● Work task
All lines in the records below with the word "Dress" must be returned.

● Data records
--------------------------------
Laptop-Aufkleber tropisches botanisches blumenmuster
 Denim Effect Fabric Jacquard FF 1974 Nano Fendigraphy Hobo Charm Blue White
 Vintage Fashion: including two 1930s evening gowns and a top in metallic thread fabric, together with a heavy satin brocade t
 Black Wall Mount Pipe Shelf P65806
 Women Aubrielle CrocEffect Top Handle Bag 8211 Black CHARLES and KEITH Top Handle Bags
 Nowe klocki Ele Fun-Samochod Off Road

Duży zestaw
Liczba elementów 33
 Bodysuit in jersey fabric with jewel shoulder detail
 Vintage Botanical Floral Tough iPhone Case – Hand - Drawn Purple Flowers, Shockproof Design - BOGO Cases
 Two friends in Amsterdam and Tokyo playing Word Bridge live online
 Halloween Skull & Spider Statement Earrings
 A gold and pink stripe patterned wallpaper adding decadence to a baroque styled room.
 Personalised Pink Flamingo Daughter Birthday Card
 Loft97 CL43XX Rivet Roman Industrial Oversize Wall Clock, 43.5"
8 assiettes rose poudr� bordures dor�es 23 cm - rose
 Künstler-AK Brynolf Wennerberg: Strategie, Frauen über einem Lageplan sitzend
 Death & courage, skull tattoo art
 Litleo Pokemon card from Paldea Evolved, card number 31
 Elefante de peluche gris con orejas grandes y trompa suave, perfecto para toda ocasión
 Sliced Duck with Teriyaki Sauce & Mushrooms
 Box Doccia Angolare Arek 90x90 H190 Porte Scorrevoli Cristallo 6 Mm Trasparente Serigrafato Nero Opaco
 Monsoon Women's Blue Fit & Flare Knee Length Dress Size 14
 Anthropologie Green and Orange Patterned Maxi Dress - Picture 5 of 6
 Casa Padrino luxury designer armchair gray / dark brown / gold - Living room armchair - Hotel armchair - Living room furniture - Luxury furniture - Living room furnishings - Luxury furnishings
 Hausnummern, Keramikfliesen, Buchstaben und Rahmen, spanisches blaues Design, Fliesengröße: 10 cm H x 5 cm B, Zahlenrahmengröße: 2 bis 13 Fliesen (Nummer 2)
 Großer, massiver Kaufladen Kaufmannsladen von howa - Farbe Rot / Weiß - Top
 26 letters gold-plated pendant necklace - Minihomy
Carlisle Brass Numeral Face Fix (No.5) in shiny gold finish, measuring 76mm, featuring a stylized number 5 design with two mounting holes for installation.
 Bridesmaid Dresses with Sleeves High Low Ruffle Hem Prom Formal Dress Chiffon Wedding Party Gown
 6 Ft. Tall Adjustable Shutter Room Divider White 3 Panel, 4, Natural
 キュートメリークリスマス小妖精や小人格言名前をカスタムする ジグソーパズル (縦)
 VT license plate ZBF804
--------------------------------
● Completed task
 Monsoon Women's Blue Fit & Flare Knee Length Dress Size 14
 Anthropologie Green and Orange Patterned Maxi Dress - Picture 5 of 6
 Bridesmaid Dresses with Sleeves High Low Ruffle Hem Prom Formal Dress Chiffon Wedding Party Gown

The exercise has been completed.